Anonymous Monk has asked for the wisdom of the Perl Monks concerning the following question:

XML::LibXML::Parser/XML::LibXML::Node

Is there an option I can flip or am I stuck hand-decoding this?

use XML::LibXML ; binmode STDOUT, ':encoding(UTF-8)'; my $str = XML::LibXML->new( qw/ recover 2 / )->load_html( location => q{http://msdn.microsoft.com/en-us/library/aa664812(v=v +s.71).aspx}, )->find( q{/html/body/div/div[2]/div[2]/div[3]/div[3]/dl[15]/dd[29] } )->get_node(0)->textContent; print $str;

Running above, nbsp seems to be double-encoded (shows up as a-circumflex)

Seems as if libxml is returning utf-8 bytes but the string isn't marked as utf?

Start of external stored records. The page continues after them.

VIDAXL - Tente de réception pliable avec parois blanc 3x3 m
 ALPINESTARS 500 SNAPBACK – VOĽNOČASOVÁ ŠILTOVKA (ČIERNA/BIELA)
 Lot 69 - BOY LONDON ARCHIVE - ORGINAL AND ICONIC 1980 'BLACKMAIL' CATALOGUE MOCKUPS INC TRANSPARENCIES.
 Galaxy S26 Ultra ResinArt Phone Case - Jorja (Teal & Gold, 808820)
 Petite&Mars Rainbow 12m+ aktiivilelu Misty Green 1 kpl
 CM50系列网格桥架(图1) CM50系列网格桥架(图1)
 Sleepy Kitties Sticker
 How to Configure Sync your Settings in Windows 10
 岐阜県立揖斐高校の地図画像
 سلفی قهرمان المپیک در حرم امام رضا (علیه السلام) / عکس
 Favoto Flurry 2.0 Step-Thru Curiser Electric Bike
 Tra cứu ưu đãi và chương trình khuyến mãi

Adding  use Encode; print decode('UTF-8', $str ); seems to resolve this, but I thought libxml could handle this without my help

What am I missing?

  • Comment on ':encoding(UTF-8)' corrupts strings from XML::LibXML which doesn't return unicode strings ?
  • Select or Download Code

Replies are listed 'Best First'.
Re: ':encoding(UTF-8)' corrupts strings from XML::LibXML which doesn't return unicode strings ?
by tobyink (Canon) on Feb 28, 2013 at 23:24 UTC

    It may be because the Microsoft website isn't indicating the document's UTF-8-ness in the HTTP headers. If you do the HTTP fetch outside XML::LibXML (using LWP::Simple), all is OK...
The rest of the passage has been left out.